I wanted to get this information out as soon as we could verify the information we’d received. 
Adam Eakle


----------



## DallanC (Jan 13, 2009)

Depressing news. I fully planning on attending the burbot bash this year for the first time but this news has completely turned me off to the idea. 


-DallanC


----------



## fstop (Sep 25, 2007)

One thing I wanted to add to this is that. If you are not pregnant, a nursing mother, a women of child bearing age or a child under 15, you can still eat burbot. But you'll want to limit your intake, especially those larger fish to one meal per month. Hope this helps Dallan...Adam


----------



## Ton_Def (Dec 23, 2008)

Thanks Adam! Good to know! 

But....

I'll still eat 'em!! :EAT:


----------



## HunterGeek (Sep 13, 2007)

When I was a kid in one of my junior high science classes, I remember the teacher dropping a mercury barometer on his desk. Little beads of mercury flew off his desk and onto the floor in every direction. All the kids in the class were searching for the weird little balls of liquid metal, picking them up and helping to collect it all back into a jar.

If that happened today, they'd likely shut down the school, cordon off the surrounding blocks, then call in a special team of hazmat-suited engineers from Washington to decontaminate the site prior to leveling the school and deeming the whole area unfit for human habitation.

Mercury poisoning is serious stuff, but I don't remember any of the kids in my class getting sick or having any long or shorterm effects. Personally, I think there's a common sense middle ground in all this. It was probably foolish to enlist students in cleaning up liquid mercury off the science classroom floor, but it also seems a bit foolish to get too alarmed by microscopic pinprick amounts of mercury compounds found in a few fish.

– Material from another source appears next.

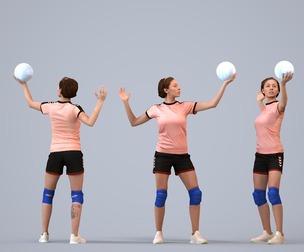 00522_Eva003 Adult Caucasian woman exercising in athletic wear for sports facility visualization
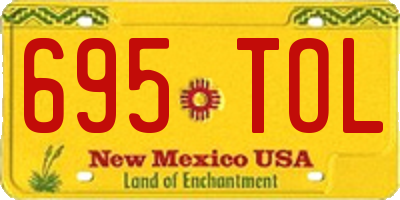 NM license plate 695TOL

I'd much rather feed my kids freshly caught burbot from Flaming Gorge than the fat filled, sodium-laced and chemically preserved food-like substances available for sale at McDonalds and 7-11.


----------



## FISHAMANIAC (Dec 1, 2012)

Well in my opinion it really sucks that this supposedly new news is just being published !! F&G have known for more than a minute about the mercury levels just failed to release it in a timely manner. I heard of this over 3 months ago those who fish them knew it was just a matter of time Ling are considered an Apex predator in the Gorge. I've caught and ate several hundred over the last 5yrs with no obvious repercussions that I can see with my 3 eyes _(O)_ lol!! I will continue to fish for them but will use my due diligence and avoid eating anything over 20 ins and in moderate amounts.


----------



## wyogoob (Sep 7, 2007)

Not good. A guy's gotta be careful what he eats.

FYI, here's the Utah fish advisories as of Oct 25, 2012:
http://fishadvisories.utah.gov/


----------